### [Activity]
Your answer must consist solely of the lines from the one containing "As far as the" through the last line of the records below, reproduced exactly, with all pictures omitted.

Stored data
:::::
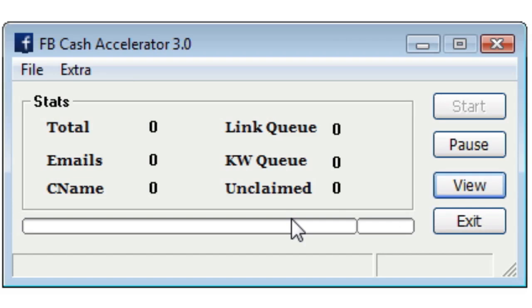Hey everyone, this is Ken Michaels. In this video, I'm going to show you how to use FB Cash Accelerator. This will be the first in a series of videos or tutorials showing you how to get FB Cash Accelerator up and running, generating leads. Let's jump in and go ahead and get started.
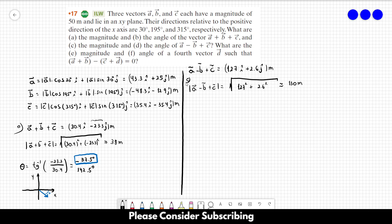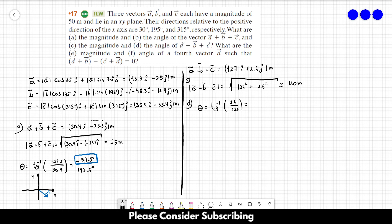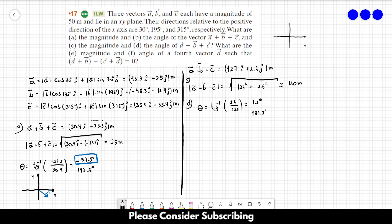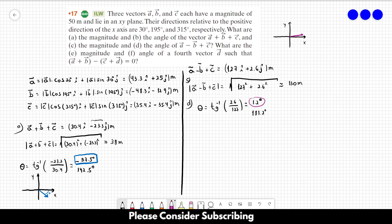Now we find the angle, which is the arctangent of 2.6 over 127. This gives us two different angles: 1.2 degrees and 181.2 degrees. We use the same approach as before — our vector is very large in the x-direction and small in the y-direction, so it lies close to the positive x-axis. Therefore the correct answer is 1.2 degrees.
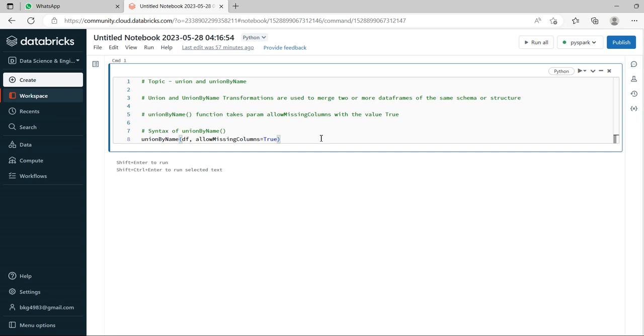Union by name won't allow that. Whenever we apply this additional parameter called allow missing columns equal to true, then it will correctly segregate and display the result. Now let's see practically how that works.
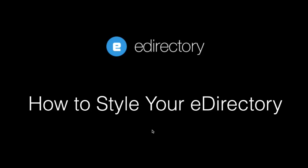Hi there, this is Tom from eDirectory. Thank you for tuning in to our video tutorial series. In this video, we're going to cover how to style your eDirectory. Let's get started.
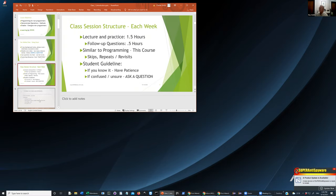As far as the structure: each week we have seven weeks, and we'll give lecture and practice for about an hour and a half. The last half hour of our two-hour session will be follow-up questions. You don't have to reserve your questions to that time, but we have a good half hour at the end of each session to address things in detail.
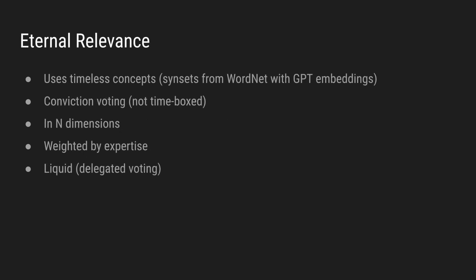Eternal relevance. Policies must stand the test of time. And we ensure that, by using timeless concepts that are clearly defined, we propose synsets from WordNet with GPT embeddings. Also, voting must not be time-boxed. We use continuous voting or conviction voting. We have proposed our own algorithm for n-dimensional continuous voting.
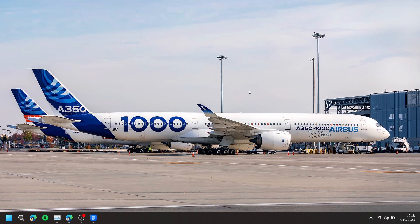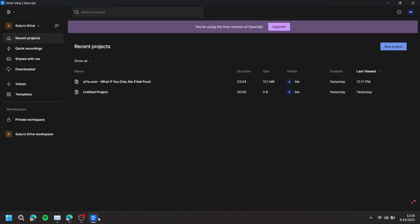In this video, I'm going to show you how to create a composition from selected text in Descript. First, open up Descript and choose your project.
:::::
### [Output for this task]
As far as the structure: each week we have seven weeks, and we'll give lecture and practice for about an hour and a half. The last half hour of our two-hour session will be follow-up questions. You don't have to reserve your questions to that time, but we have a good half hour at the end of each session to address things in detail.
Eternal relevance. Policies must stand the test of time. And we ensure that, by using timeless concepts that are clearly defined, we propose synsets from WordNet with GPT embeddings. Also, voting must not be time-boxed. We use continuous voting or conviction voting. We have proposed our own algorithm for n-dimensional continuous voting.
In this video, I'm going to show you how to create a composition from selected text in Descript. First, open up Descript and choose your project.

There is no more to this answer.